Tiap Hari Pejabat Ngomong Terorisme-Radikalisme, Iklim Investasi Rusak

Jakarta (SI Online) – Anggota Komisi I DPR Fadli Zon mengritik pejabat-pejabat pemerintah yang tiap hari mendramatisir terorisme dan radikalisme. Menurur Fadli hal itu akan merusak iklim investasi.

“Saya mencatat, sejak pemerintahan baru dilantik, ada dua isu yang terus-menerus diangkat oleh Presiden dan kabinetnya, yaitu radikalisme dan investasi,” ungkap Fadli dalam keterangan tertulisnya, Senin pagi (18/11).

Alumnus London School of Economics (LSE) itu mengaku sejak awalsudah mengingatkan Pemerintah sebaiknya berhenti mengeksploitasi isu radikalisme, juga terorisme, karena bersifat kontraproduktif bagi kepentingan jangka pendek dan jangka panjang.

“Misalnya, bagaimana kita akan bisa menggenjot investasi, atau membangun kepercayaan dunia luar, jika pejabat pemerintah kita tiap hari berisik mengeksploitasi isu radikalisme dan terorisme?,” kata dia.

Menurut Fadli, berdasarkan hasil riset sejumlah lembaga konsultan, pernyataan positif dari pemerintah adalah hal yang sangat mempengaruhi persepsi investor.

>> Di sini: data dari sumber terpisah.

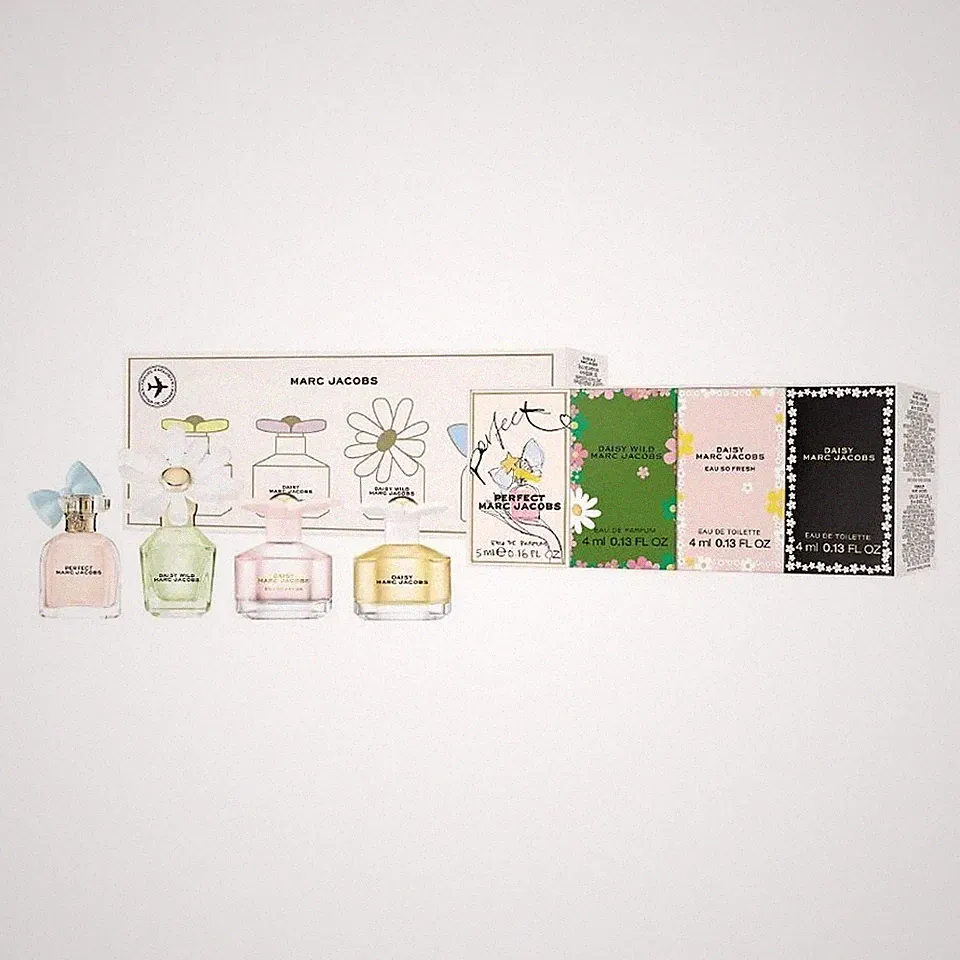 Marc Jacobs Women’s 4-Piece Perfume Gift Set – Mini & Travel-Sized Fragrances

Mereka menilai apa yang terjadi Indonesia dari pernyataan-pernyataan pejabat pemerintahnya.

“Bisa kita bayangkan, apa jadinya jika semua pejabat di Indonesia, mulai dari Presiden hingga para menteri, semuanya bicara mengenai radikalisme tiap hari?,” tanya Waketum Partai Gerindra itu.

Fadli menyarankan, para pejabat pemerintah mestinya menyadari bahwa pernyataan-pernyataan publik mereka bisa mempengaruhi dinamika ekonomi. Efeknya, kata dia, bisa luas.

“Inilah yang menyebabkan kenapa tingkat ketertarikan investasi asing di Indonesia cenderung menurun. Mereka butuh kepastian dan jaminan keamanan,” ungkapnya.

Jaminan stabilitas itu, lanjutnya, awalnya dilihat dari pernyataan para pejabat. Itu sebabnya para pejabat pemerintah sebaiknya stop memproduksi kegaduhan dengan isu radikalisme, teror dan semacamnya.

“Turunnya minat investasi ini memang harus kita perhatikan benar, karena bisa memicu terjadinya destabilisasi. Bagaimana kita bisa menyerap tenaga kerja, misalnya, jika investasinya turun? Bagaimana kehidupan sosial akan stabil, jika jumlah pengangguran meningkat? Ini adalah soal yang kait-mengait,” katanya.